--- Work task ---
Restate word for word the lines of the material below, from the line with "Mi You Handmade" to the line with "Sole of black", both lines included, and no others.

--- Supplied data ---
++++++++++

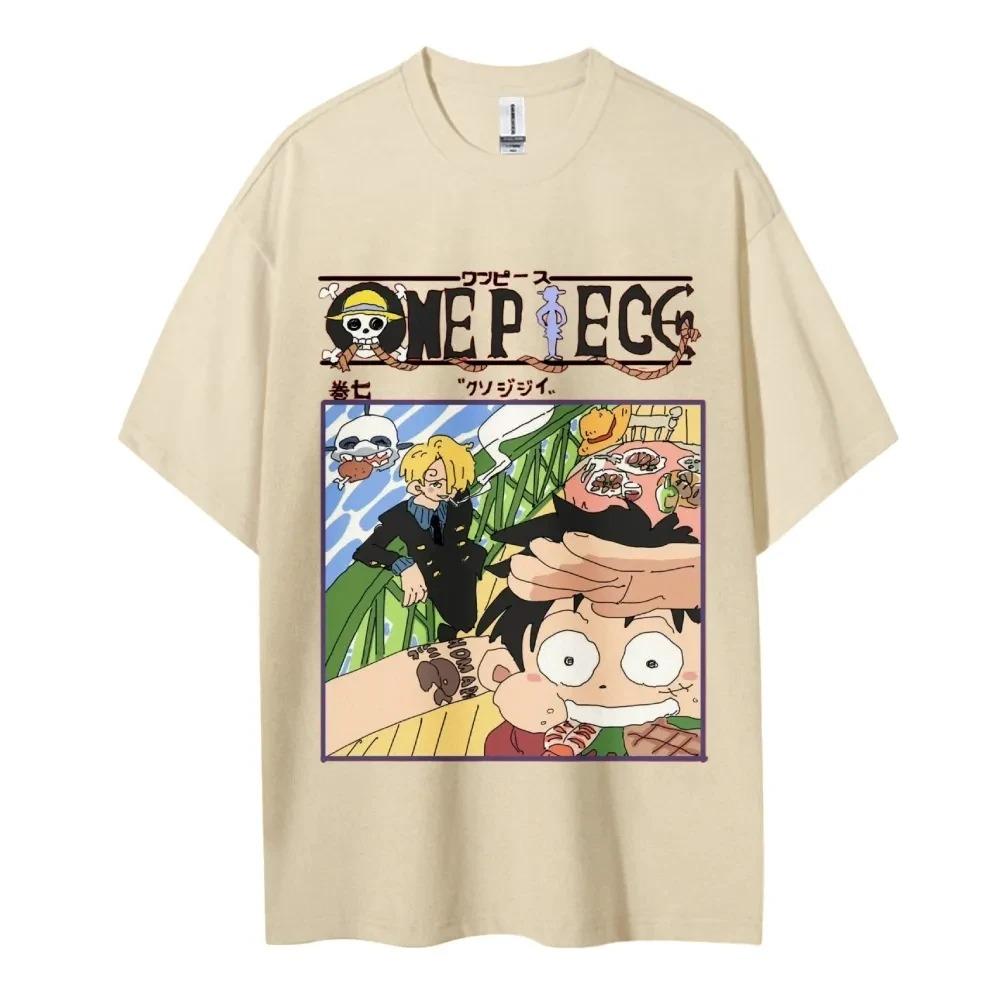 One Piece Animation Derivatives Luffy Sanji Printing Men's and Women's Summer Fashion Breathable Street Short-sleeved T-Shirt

++++++++++

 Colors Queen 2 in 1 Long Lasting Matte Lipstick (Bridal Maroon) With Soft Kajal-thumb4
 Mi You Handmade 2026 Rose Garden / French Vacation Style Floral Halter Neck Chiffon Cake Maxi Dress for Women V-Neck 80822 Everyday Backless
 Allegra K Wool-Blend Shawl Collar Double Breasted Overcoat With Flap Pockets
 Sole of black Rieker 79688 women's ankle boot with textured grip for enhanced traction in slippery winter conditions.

++++++++++

--- Result of the exercise ---
 Mi You Handmade 2026 Rose Garden / French Vacation Style Floral Halter Neck Chiffon Cake Maxi Dress for Women V-Neck 80822 Everyday Backless
 Allegra K Wool-Blend Shawl Collar Double Breasted Overcoat With Flap Pockets
 Sole of black Rieker 79688 women's ankle boot with textured grip for enhanced traction in slippery winter conditions.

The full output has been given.